To realize our solution, we are using a novel approach by developing a large constellation of CubeSats* equipped with thermal imagers to be launched into Low Earth Orbit.
*Nanosatellites the size of a shoebox
OroraTech eve-1 is our first prototype containing three novel core technologies:
Patented CubeSat architecture leading to a 40% higher payload volume compared to traditional systems
Patent-pending, multispectral thermal infrared imager optimized for the volumetric constraints of CubeSats
Cutting edge GPU accelerated onboard processing significantly reducing downlink latency and bandwidth.
Thomas, Florian, and Rupert took part in the university satellite project MOVE-II before they founded OroraTech. Based at the Chair of Astronautics (LRT) at the TUM, they developed together with more than 130 students a 1-Unit CubeSat, which was launched with the Spaceflight SSO-A mission in December 2018.
Thomas and Florian worked on the Attitude Determination and Control System (ADCS), while Rupert was Subsystem Lead of the Electrical Power System (EPS).
Not only the founders but also most of OroraTech’s working students gained their practical experience in spacecraft design at the LRT by launching CubeSats and high-altitude balloons.

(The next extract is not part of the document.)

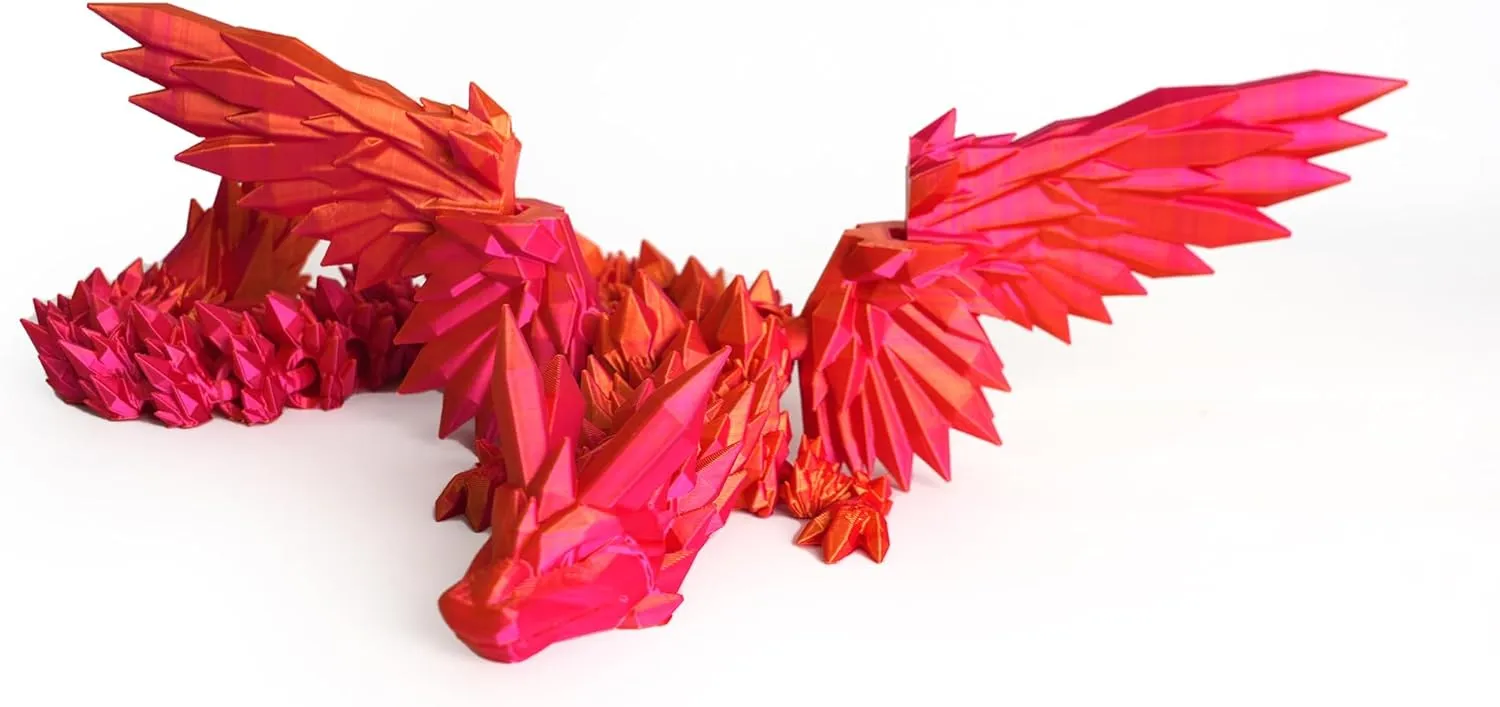 3D Printed Dragon - 18 inch Flying Articulated Dragon with Wings, Flexible Winged Crystal Fidget Toy, Home Decor, Birthday Gift, Desk Pet(Red Mix Gold)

In 2018, the University of New South Wales (UNSW) in Australia offered to test-fly a power supply on their M2-satellite as an additional payload. So the Extendable Modular Power Supply (EMPS) project was created, based on a cooperation between the LRT, the UNSW and OroraTech. Its purpose is to further develop the power supply, which is spread over several redundant boards within the satellite. Two of those power supply modules will be launched in late 2019 into orbit.